Nigella sativa also called as “Kalonji” in local languages is a good source of nutritional as well as essential elements [1,2,3]. It is also known as black cumin seeds are widely used in Pakistan and Middle Eastern countries as a spice in cuisines, due to its pungent and bitter taste. Literature survey reports that the nigella seeds have many medicinal properties. These are used for treatment of asthma, digestion disorder, as well as carminative, aromatic, diuretic, stomachic, and diaphonetic problems [4,5,6]. That is why it is often known as the cure of all diseases. This seeds have found to have higher concentration of potassium ‘K’ as compared to camel milk [7]. The enhanced health potential of Kalonji has been attributed to its active ingredients [8]. The conventional techniques applied for elemental study of Kalonji are inductively coupled plasma optical/emission spectroscopy (ICP/OES), inductively coupled plasma/mass spectroscopy (ICP/MS), neutron activation analysis (NAA) and gas liquid chromatography (GLC), and proton induced X-ray emission (PIXE) spectroscopy [9,10,11,12], but these methods require lengthy sample preparation and boring pretreatment procedures, process of acid digestion at high temperature and pressure, as well as the use and clearance of dangerous chemicals which are harmful to our environment.

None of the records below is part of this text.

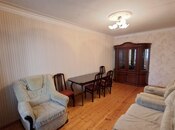 Satılır 3 otaqlı köhnə tikili 90 m², Azadlıq Prospekti m., photo 8 from 8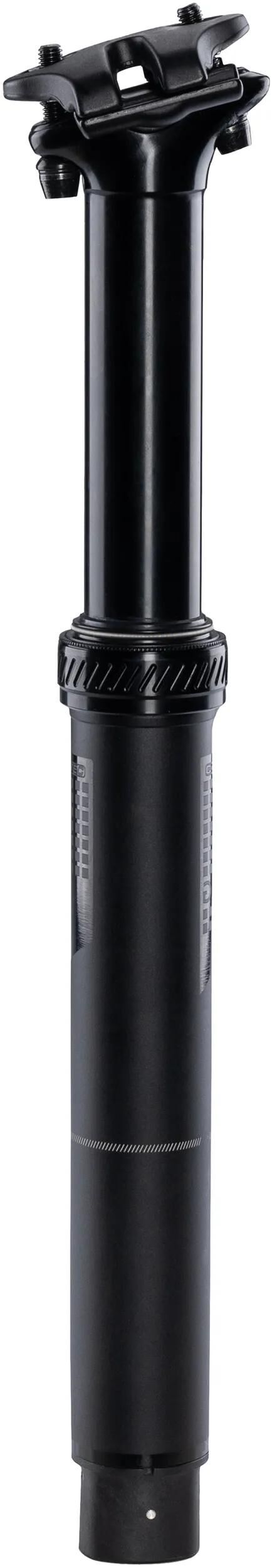 Tige de selle Contec vario drop-a-gogo ii ct tige de selle télescopique drop-a-gogo ii 34,9 mm 365 mm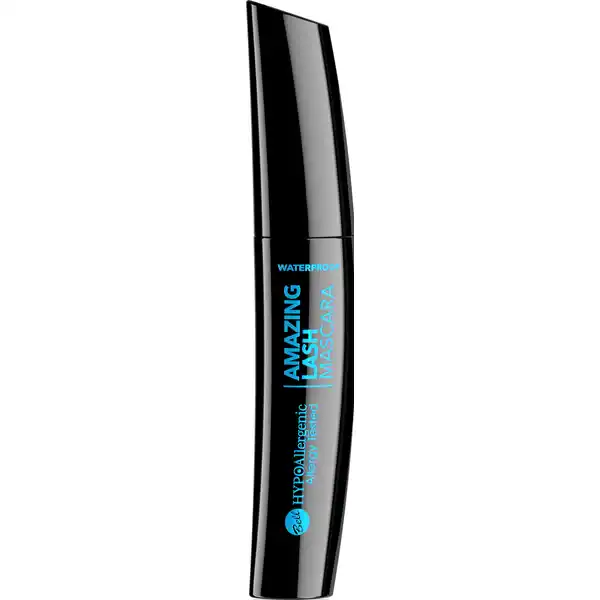 Amazing Lash Waterproof Mascara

Laser-Induced Breakdown Spectroscopy (LIBS) is a versatile methodolgy able to analyze the sample in its original form and thereby catching up from their point of limitations of other methods in terms of extended sample preparation that might lead to the change of chemical composition of the original sample. This method has much application in the qualitative and quantitative elemental analysis of materials [13,14,15,16,17,18].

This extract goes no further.